- EXERCISE BRIEF
Strip out the pictures and transcribe the records that follow exactly.

- PROVIDED DATA
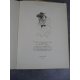 Wild dessins Galerie contemporaine Max Jacob Fargue Salmon Derain Aymé André Breton N° 73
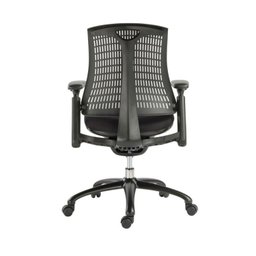 Cadeira de Escritório Presidente Giratória Office Soria NR17 - 6 Cadeira de Escritório Presidente Giratória Office Soria NR17 - 6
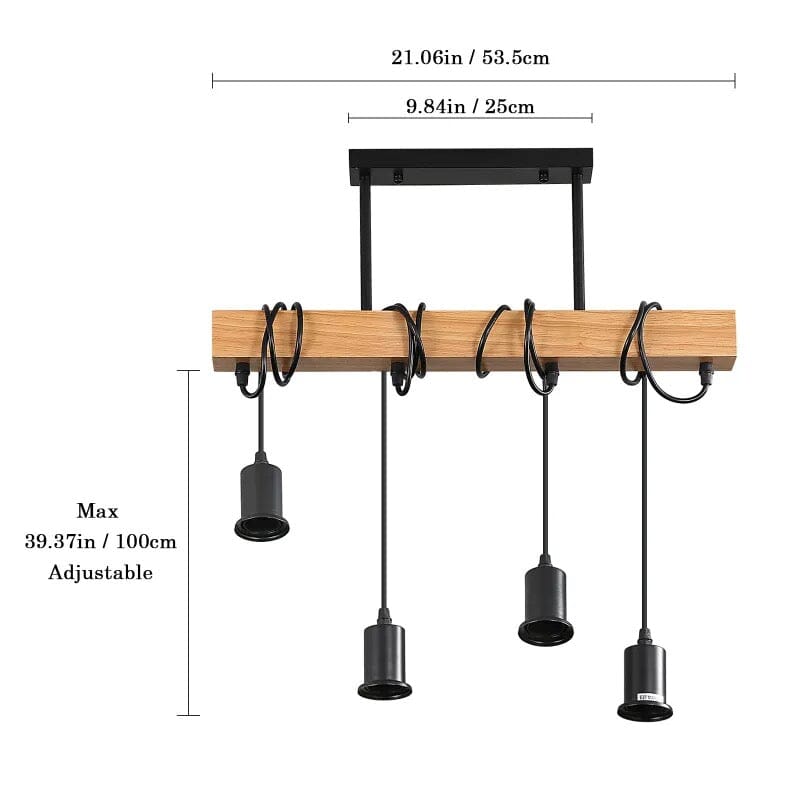 Marisol Farmhouse Lights - OpalDwell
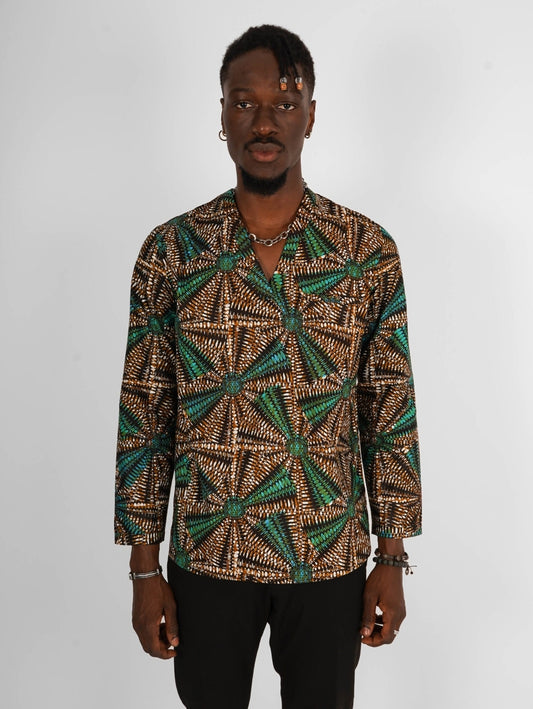 Chemise décontractée Bissau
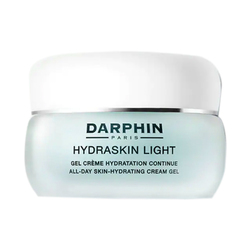Hydraskin Light Moisturizing Cream on white background
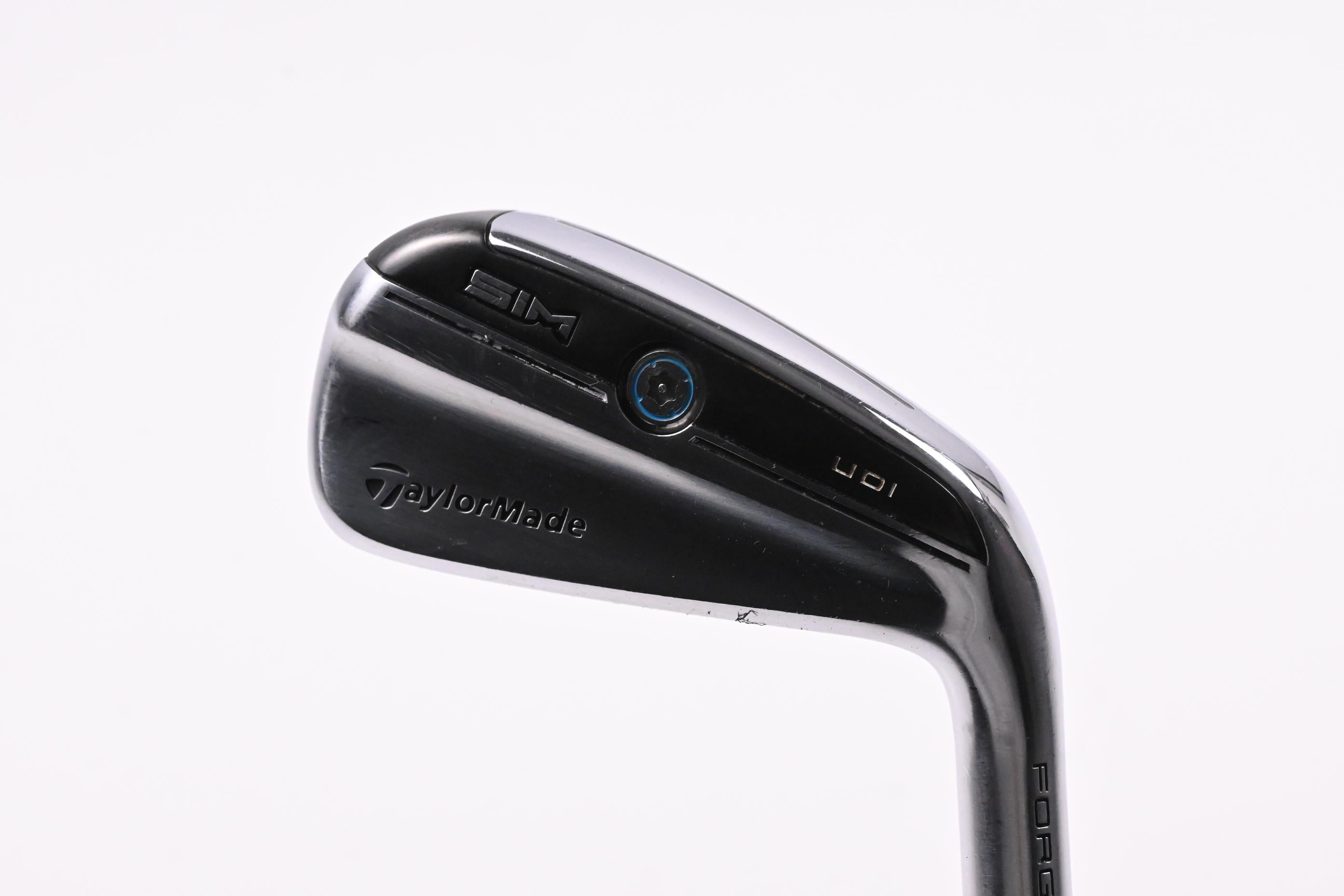 Taylormade SIM UDI #2 Iron / 18 Degree / Stiff Flex Diamana Thump 90 Shaft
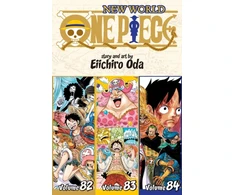 KNYGA One Piece (Omnibus Edition), Vol. 28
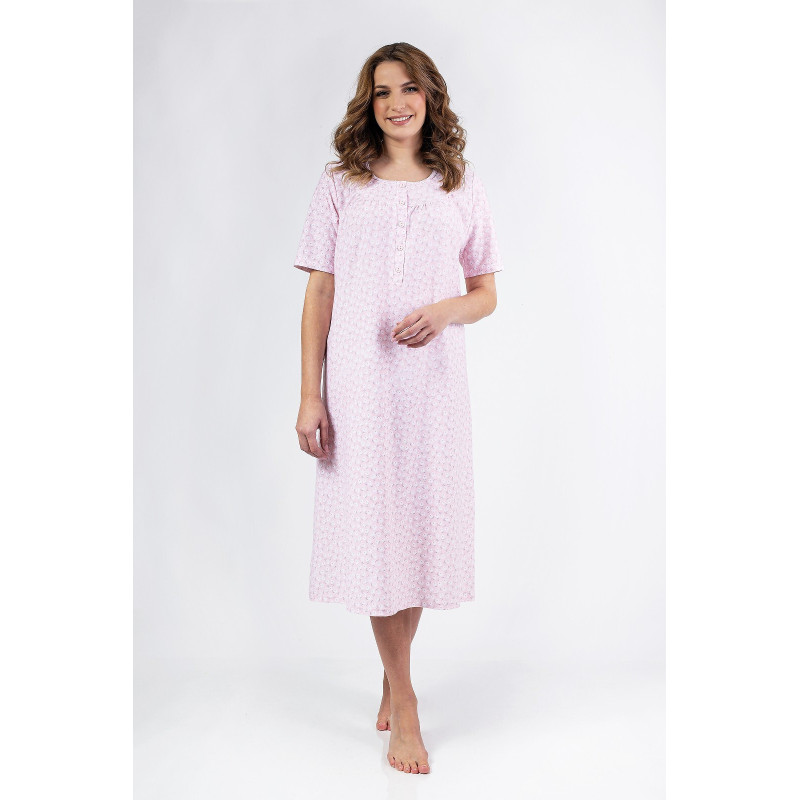 Regina naktiniai trumpomis rankovėmis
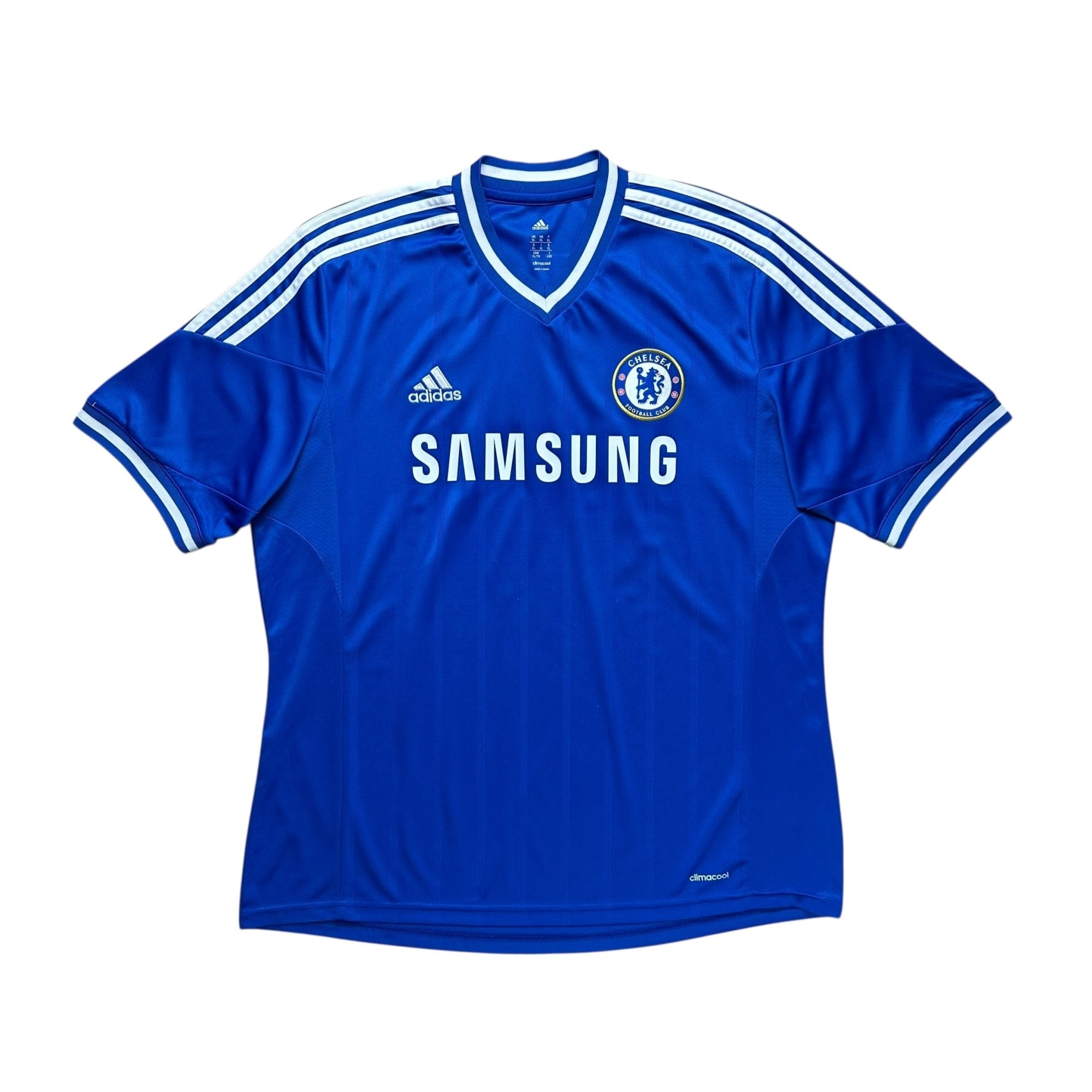 Chelsea 2013 - 14 Home Shirt (XL) Hazard 17 - Kitplug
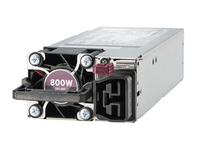 Bild von HPE 720480-B21 - 800 W - 94% - Server - Grau - 40,4 mm - 225,3 mm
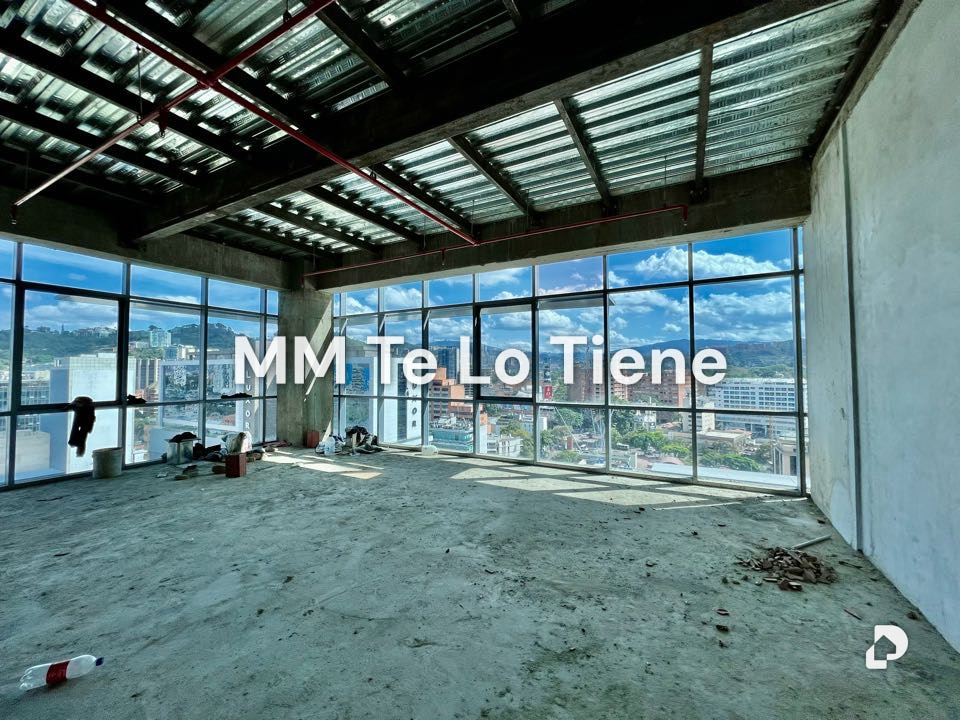 Oficina en Las Mercedes, Caracas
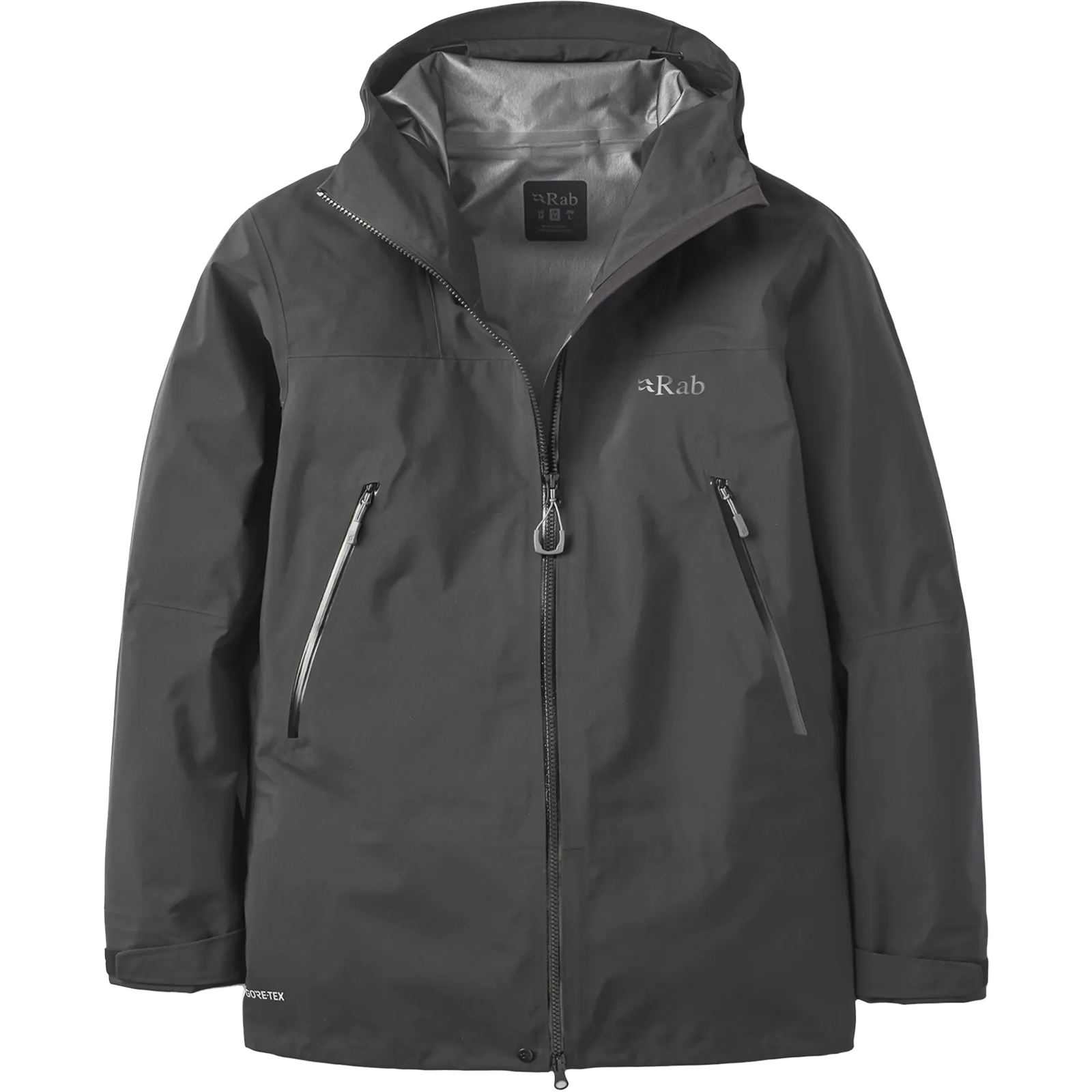 Rab Men's Kangri GTX Jacket in Black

- ANSWER SECTION
 Wild dessins Galerie contemporaine Max Jacob Fargue Salmon Derain Aymé André Breton N° 73
 Cadeira de Escritório Presidente Giratória Office Soria NR17 - 6 Cadeira de Escritório Presidente Giratória Office Soria NR17 - 6
 Marisol Farmhouse Lights - OpalDwell
 Chemise décontractée Bissau
Hydraskin Light Moisturizing Cream on white background
 Taylormade SIM UDI #2 Iron / 18 Degree / Stiff Flex Diamana Thump 90 Shaft
 KNYGA One Piece (Omnibus Edition), Vol. 28
 Regina naktiniai trumpomis rankovėmis
 Chelsea 2013 - 14 Home Shirt (XL) Hazard 17 - Kitplug
 Bild von HPE 720480-B21 - 800 W - 94% - Server - Grau - 40,4 mm - 225,3 mm
 Oficina en Las Mercedes, Caracas
 Rab Men's Kangri GTX Jacket in Black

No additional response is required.